About this exercise: The lines to repeat are those below from the one containing "Land Rover Range" down to the one containing "Saint-Louis - Sor", both included; reproduce them exactly and nothing else.

Stored dataset items:
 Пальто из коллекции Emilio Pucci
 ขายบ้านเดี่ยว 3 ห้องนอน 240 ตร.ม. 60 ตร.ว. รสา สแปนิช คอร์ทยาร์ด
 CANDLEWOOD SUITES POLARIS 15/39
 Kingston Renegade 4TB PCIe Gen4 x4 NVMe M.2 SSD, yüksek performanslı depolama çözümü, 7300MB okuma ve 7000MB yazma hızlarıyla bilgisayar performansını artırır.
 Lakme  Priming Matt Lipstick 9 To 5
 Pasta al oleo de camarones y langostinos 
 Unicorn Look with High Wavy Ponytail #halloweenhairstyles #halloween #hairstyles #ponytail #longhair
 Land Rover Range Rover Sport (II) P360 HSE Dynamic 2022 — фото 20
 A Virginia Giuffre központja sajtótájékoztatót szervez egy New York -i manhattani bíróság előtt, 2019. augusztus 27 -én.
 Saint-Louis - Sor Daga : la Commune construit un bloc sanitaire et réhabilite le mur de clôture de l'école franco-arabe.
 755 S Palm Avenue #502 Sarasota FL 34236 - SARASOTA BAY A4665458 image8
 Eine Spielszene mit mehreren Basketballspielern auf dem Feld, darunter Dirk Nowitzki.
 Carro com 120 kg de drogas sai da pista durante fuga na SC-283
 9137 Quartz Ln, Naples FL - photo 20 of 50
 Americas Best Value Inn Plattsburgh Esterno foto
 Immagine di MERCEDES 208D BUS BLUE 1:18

Result of this task:
 Land Rover Range Rover Sport (II) P360 HSE Dynamic 2022 — фото 20
 A Virginia Giuffre központja sajtótájékoztatót szervez egy New York -i manhattani bíróság előtt, 2019. augusztus 27 -én.
 Saint-Louis - Sor Daga : la Commune construit un bloc sanitaire et réhabilite le mur de clôture de l'école franco-arabe.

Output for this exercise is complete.